Integers with long runs of 0s and 1s are good for testing; they’re more likely to result in carries and borrows than uniformly random integers. This idea was inspired by GMP’s mpz_rrandomb function, although striped integer generators are more general: they can also produce integers with runs that are shorter than average, so that they tend to contain alternating bits like $1010101$.

Let the average length of a run of 0s and 1s be $m$. The functions in this module allow the user to specify a rational $m$ through the parameters m_numerator and m_denominator. Since any binary sequence has an average run length of at least 1, $m$ must be at least 1; but if it is exactly 1 then the sequence is strictly alternating and no longer random, so 1 is not allowed either. if $m$ is between 1 and 2, the sequence is less likely to have two equal adjacent bits than a uniformly random sequence. If $m$ is 2, the sequence is uniformly random. If $m$ is greater than 2 (the most useful case), the sequence tends to have long runs of 0s and 1s.

Details

A random striped sequence with parameter $m \geq 1$ is an infinite sequence of bits, defined as follows. The first bit is 0 or 1 with equal probability. Every subsequent bit has a $1/m$ probability of being different than the preceding bit. Notice that every sequence has an equal probability as its negation. Also, if $m > 1$, any sequence has a nonzero probability of occurring.

$m=1$ is disallowed. If it were allowed, the sequence would be either $01010101010101010101\ldots$ or $10101010101010101010\ldots$.
If $1<m<2$, the sequence tends to alternate between 0 and 1 more often than a uniformly random sequence. A sample sequence with $m=33/32$ is $1010101010101010101010110101010101010101\ldots$.
If $m=2$, the sequence is uniformly random.

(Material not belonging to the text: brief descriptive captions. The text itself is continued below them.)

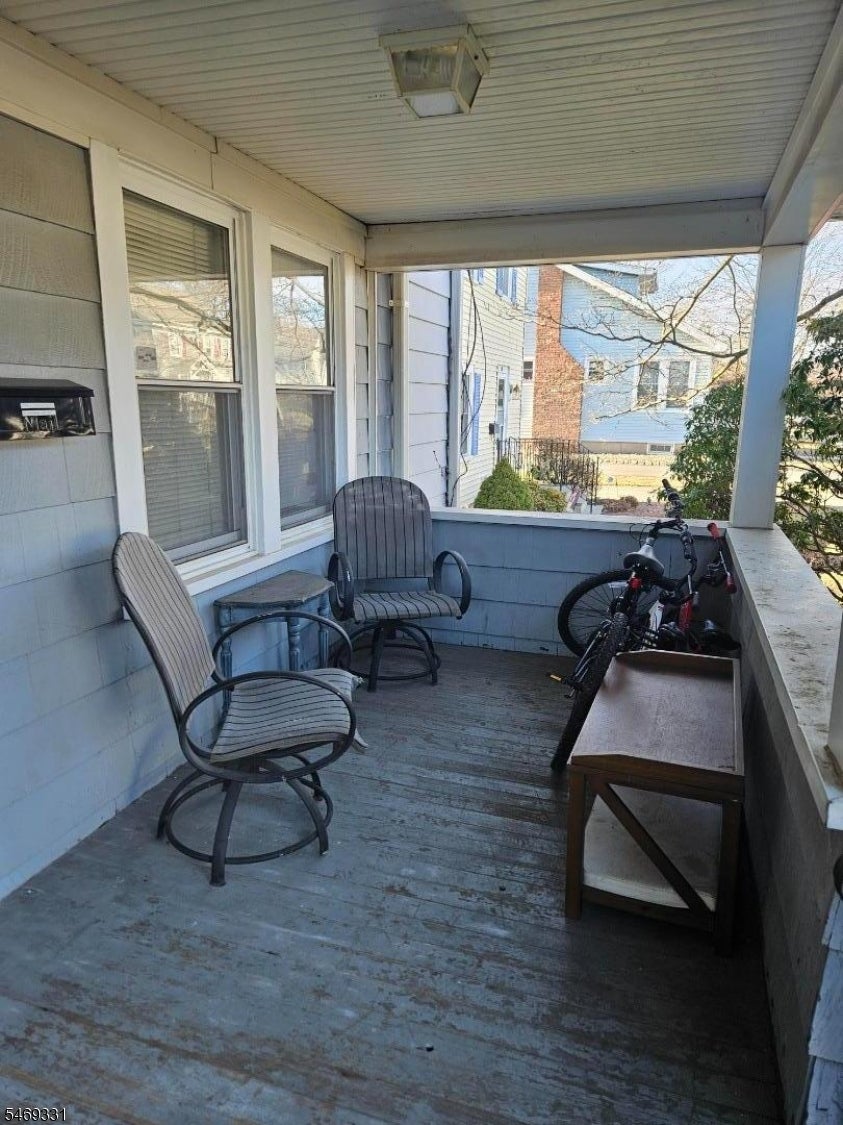 18 Sherman Ave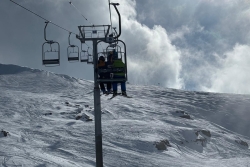 Flaine 2026 ter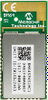 Bluetooth Modules -- 1981200 - Image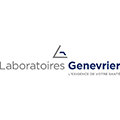 LABORATOIRES GENEVRIER - Client MadCityZen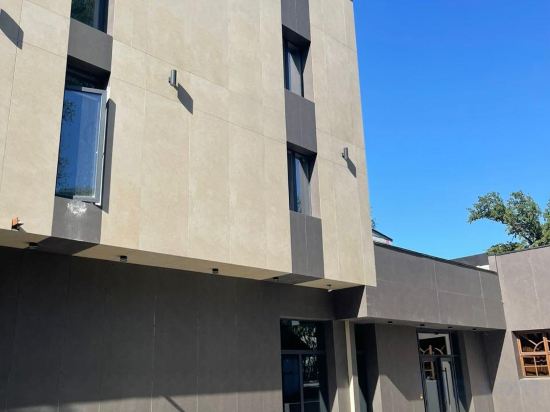 Фото Airis Residence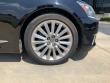 2013 LEXUS LS 460 Sedan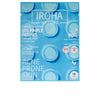 Iroha Sos finnilaastarit 18 kpl | Vuodevaatteet.fi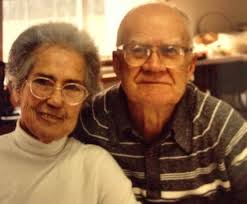 My sister in law took this pic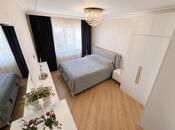 Satılır 3 otaqlı köhnə tikili 85 m², Həzi Aslanov m., photo 3 from 8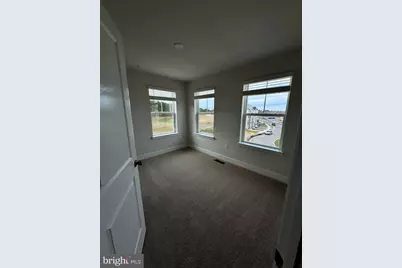 2208 Winterberry Lane #I, Cambridge, MD 21613 - Photo 16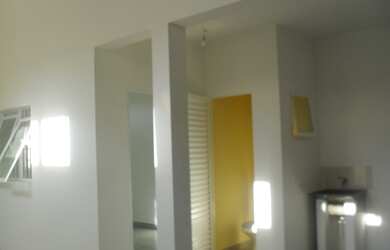 Imagem 4: SALA RESIDENCIAL em INDAIATUBA - SP, CIDADE NOVA I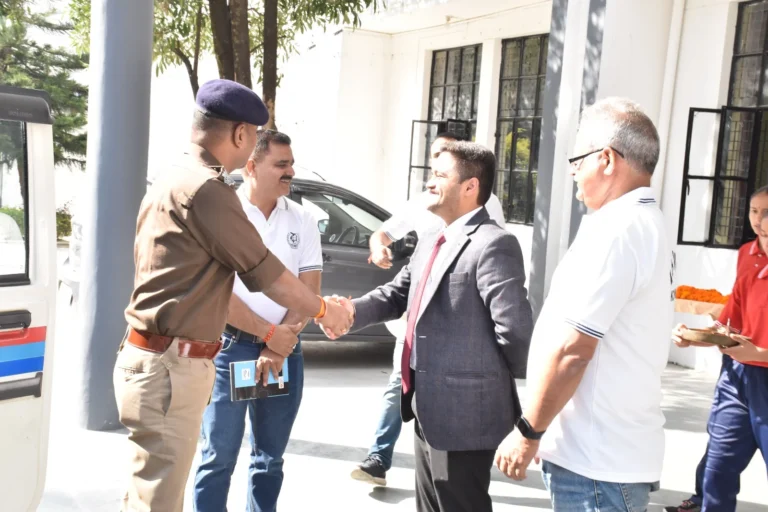IHMS Sports Olympiad 2023 – IHMS Kotdwar, photo 4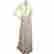 item-128650310=2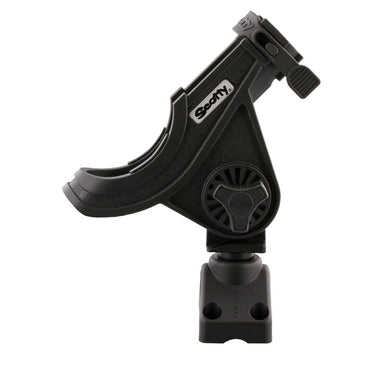 Fichier STL Support canne à visser en L·Modèle à télécharger et à Fichier STL Support canne à visser en L·Modèle à télécharger et à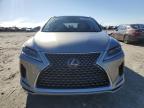2020 Lexus Rx 450H للبيع في Loganville، GA - All Over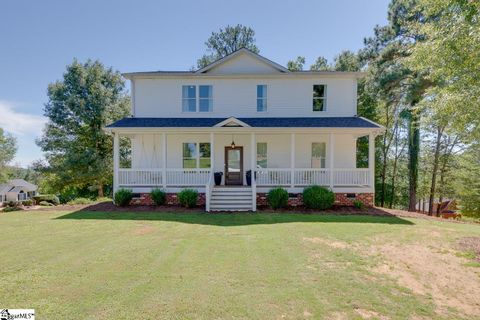 Previously sold for $368,000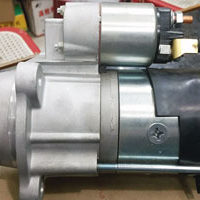 electrical_parts_16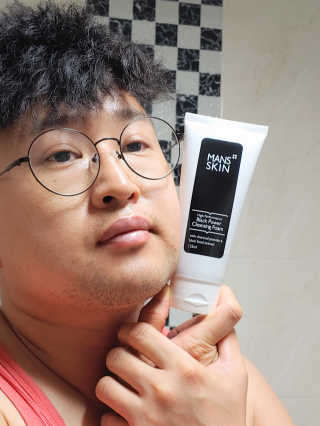 액션가면님이 올린 리뷰 사진 2
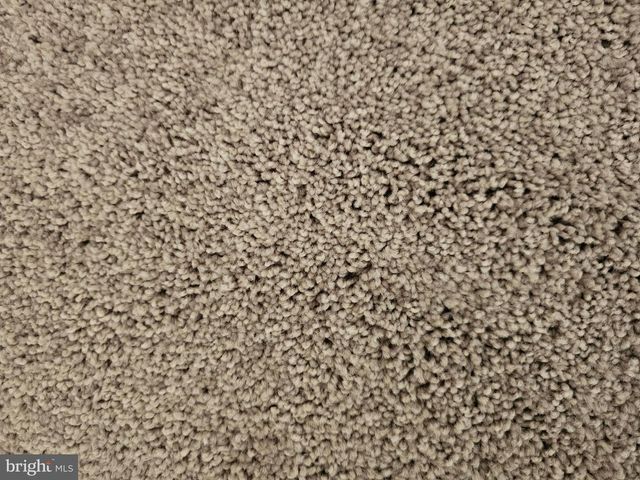 7701 CROOM RD, Upper Marlboro, MD 20772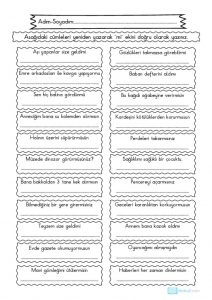 thumbnail of Mİ EKİNİN YAZILIŞI 2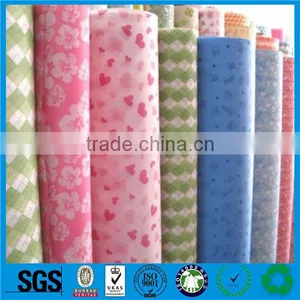Low Price UV Resistance Non Woven Fabrics thumbnail-2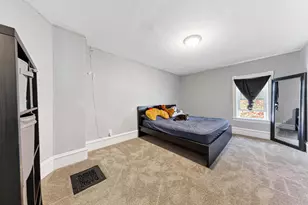 727 2nd St NW, Faribault, MN 55021 - Photo 26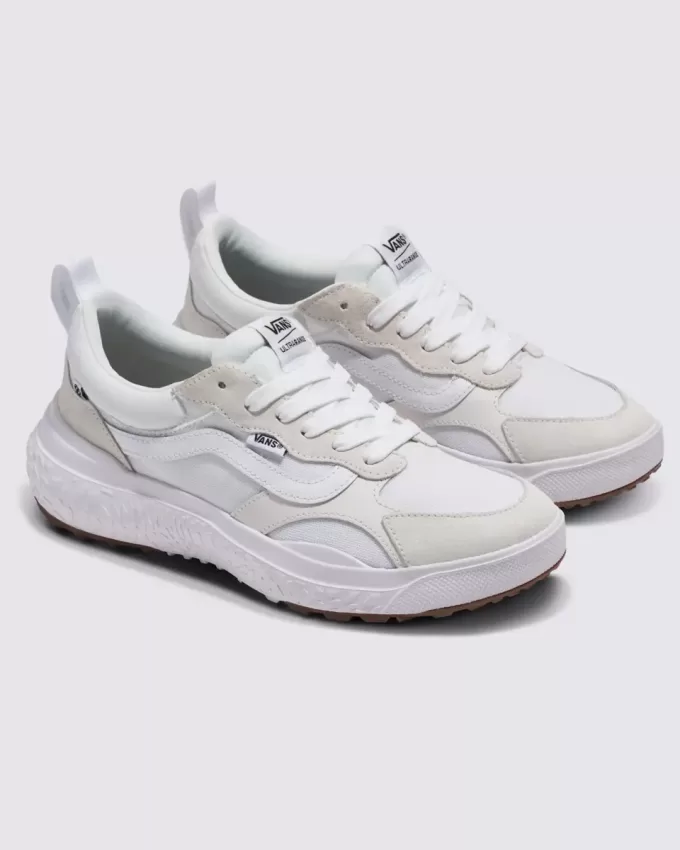 Pantofi UltraRange Neo VR3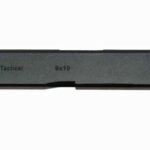 Metal slide for WE R17, pt. no. 43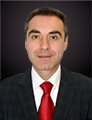 Emanuel Chitimia, M.D.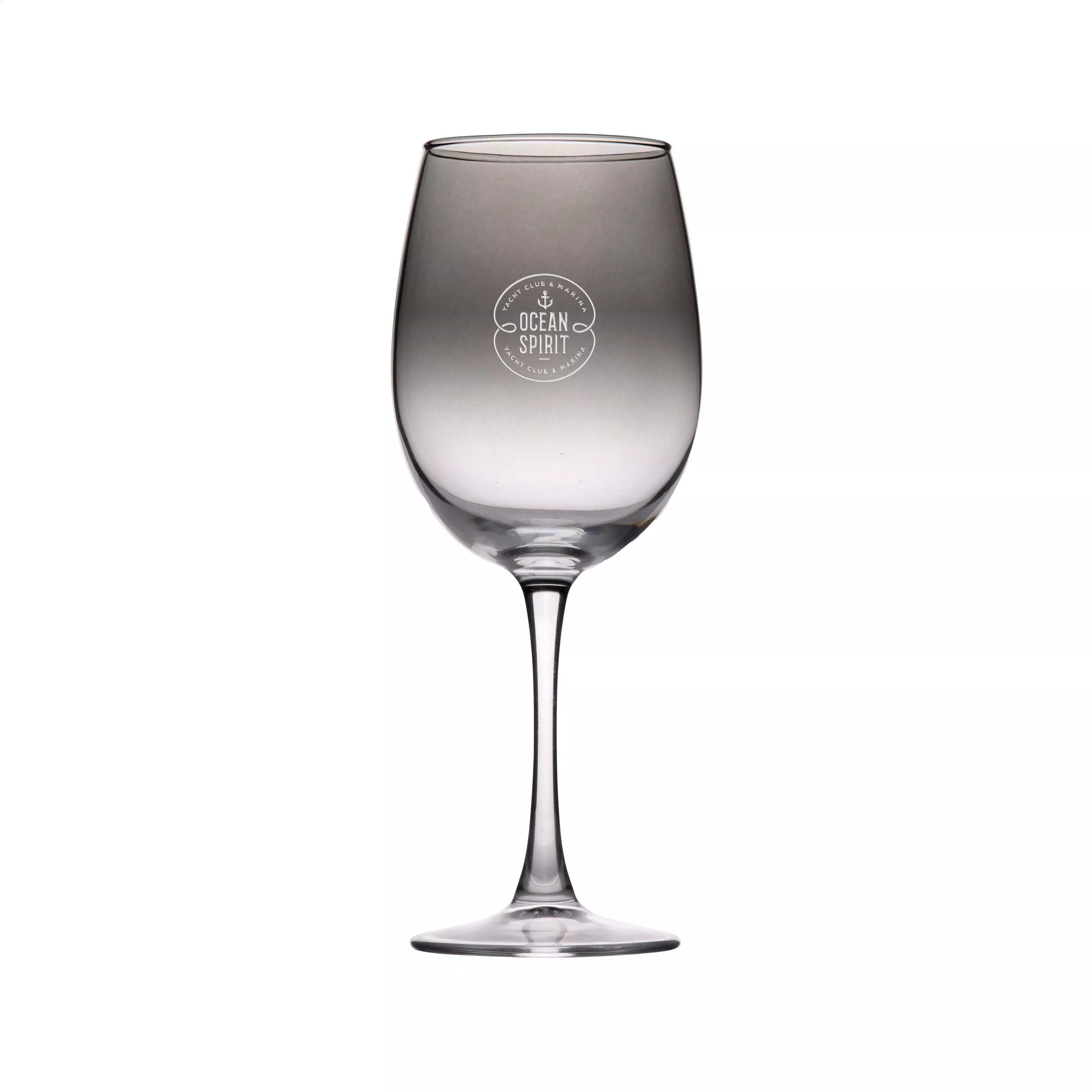 Smokey Wijnglas 360 ml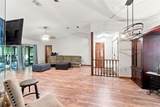 9355 Horizon Drive - Photo 4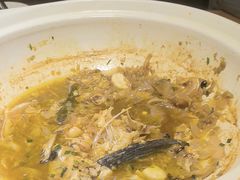 -常和州·夜宵大排档(常州单店)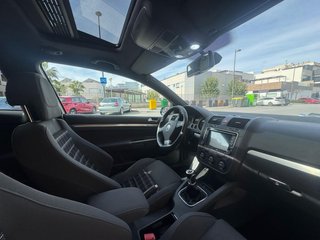 Volkswagen Golf 2006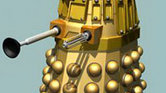Dalek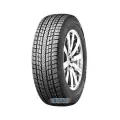 Автошина Nexen Winguard Ice SUV 235/75 R16 108Q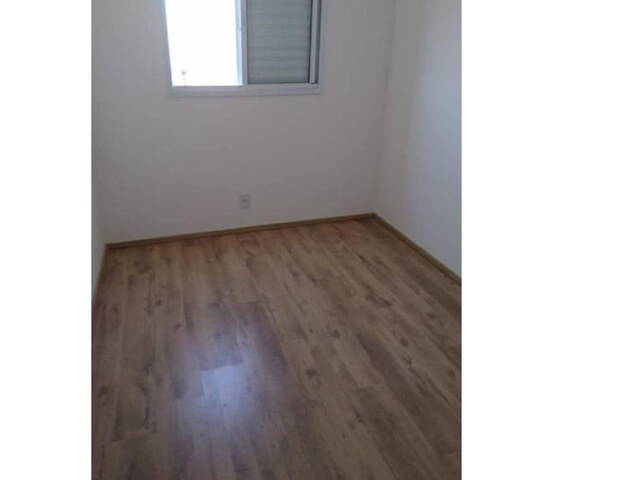 #AP2341 - Apartamento para Venda em Sorocaba - SP - 2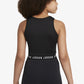CANOTTA ESSENTIALS ACTIVE TOP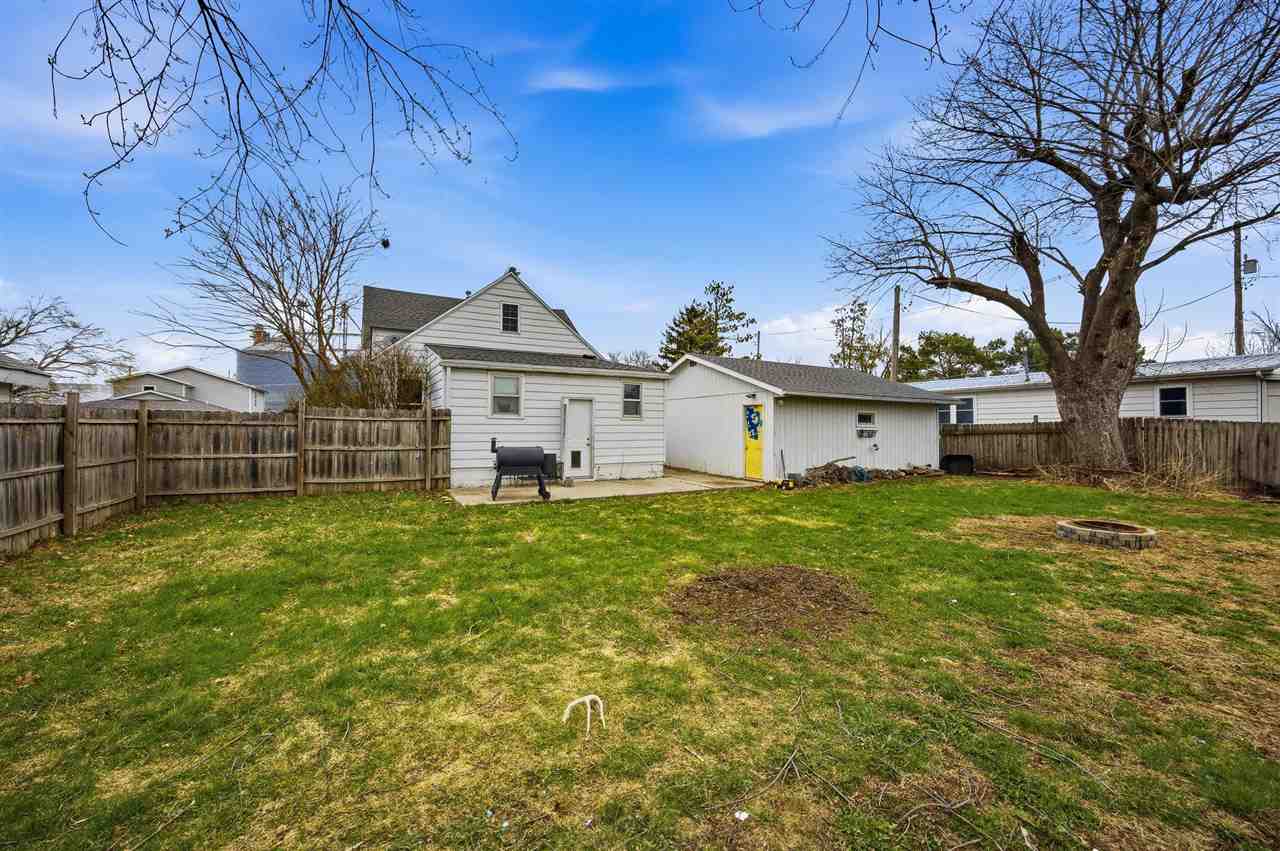 Property Photo 24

A sample sequence with $m=2$ is $1100110001101010100101101001000001100001\ldots$.
If $m>2$, the sequence tends to have longer runs of 0s and 1s than a uniformly random sequence. A sample sequence with $m=32$ is $1111111111111111110000000011111111111111\ldots$.

An alternative way to generate a striped sequence is to start with 0 or 1 with equal probability and then determine the length of each block of equal bits using a geometric distribution with mean $m$. In practice, this isn’t any more efficient than the naive algorithm.

We can generate a random striped unsigned integer of type T by taking the first $W$ bits of a striped sequence. Fixing the parameter $m$ defines a distribution over Ts. A few things can be said about the probability $P_m(n)$ of an unsigned integer $n$ of width $W$ being generated:

$P_m(n) = P_m(\lnot n)$
$P_m(0) = P_m(2^W-1) = \frac{1}{2} \left ( 1-\frac{1}{m} \right )^{W-1}$. If $m>2$, this is the maximum probability achieved; if $m<2$, the minimum.
$P_m(\lfloor 2^W/3 \rfloor) = P_m(\lfloor 2^{W+1}/3 \rfloor) = 1/(2m^{W-1})$. If $m>2$, this is the minimum probability achieved; if $m<2$, the maximum.
Because of these distributions’ symmetry, their mean is $(2^W-1)/2$ and their skewness is 0. It’s hard to say anything about their standard deviations or excess kurtoses, although these can be computed quickly for specific values of $m$ when $W$ is 8 or 16.

We can similarly generate random striped signed integers of width $W$. The sign bit is chosen uniformly, and the remaining $W-1$ are taken from a striped sequence.

To generate striped integers from a range, the integers are constructed one bit at a time. Some bits are forced; they must be 0 or 1 in order for the final integer to be within the specified range. If a bit is not forced, it is different from the preceding bit with probability $1/m$.